Este incremento en las afecciones mentales ocurrió durante un desbordamiento de los sistemas de salud, los cuales se enfocaron en atacar al Covid. Mientras se reacomodan los gobiernos en la nueva normalidad se carecen de los instrumentos para detectar a los nuevos enfermos mentales y atenderles antes de que lastimen a alguien más.
En 2020 sólo el 51% de los 194 estados miembros de la OMS informaron que cumplían los estándares establecidos por el Organismo en cuanto a programas de promoción y prevención de la salud mental.
A esto hay que sumarle el estrés económico en este mundo en crisis.
Se estima que del 2019 al 2020, en términos absolutos, 60 millones de hombres cayeron en el desempleo –en el caso de las mujeres fueron 54 millones–. Según organizaciones como la OIT el empleo aún no ha regresado a los niveles prepandemia, mientras que los afortunados que han retornado al mundo laboral han debido hacerlo con menores pagas y pagando precios más elevados de productos y servicios ante una elevada inflación.

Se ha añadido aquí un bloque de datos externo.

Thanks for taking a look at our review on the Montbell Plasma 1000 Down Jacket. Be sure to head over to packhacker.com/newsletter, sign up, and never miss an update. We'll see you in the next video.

Este contexto precario para la salud mental y el bienestar económico han afectado por igual a mujeres –o incluso peor en algunas instancias–, sin embargo, son los actos injustificados y violentos de hombres los que de manera desproporcionada inclinan la balanza como para señalarlos con el dedo.
Si las acciones de hombres enojados son más ahora, se les presta más atención, o son denunciados en una mayor cantidad, no se tiene una respuesta definitiva. Lo más probable es que sea una mezcla.

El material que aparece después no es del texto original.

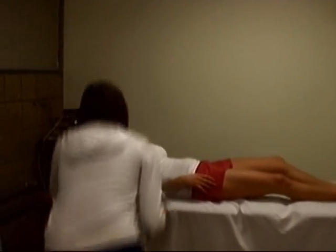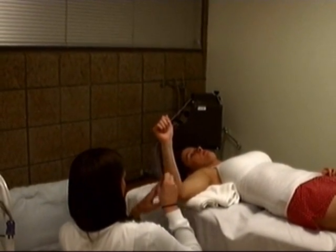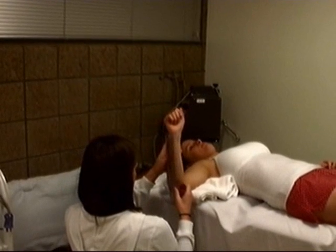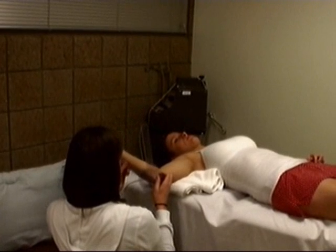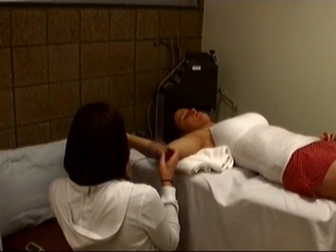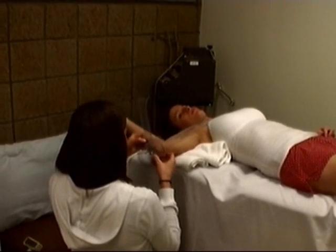The next one is shoulder external rotation. So the motion I'm going to want you to do is bring back. Please make note of how much time it is that you start feeling that — it's going to be like 0 to 85 to 82.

El presente emproblemado es un caldo de cultivo perfecto para hombres tristes, enojados y frustrados, cuyo papel en la sociedad actual está siendo redefinido rápidamente.
La decisión de recurrir a la violencia para expresar estas condiciones por supuesto es responsabilidad de cada uno; sin embargo este mal tiene el poder suficiente para cambiar para mal las realidades de muchos.
En ese sentido debería ser preocupación de todos, de hombres enojados y de los que no también.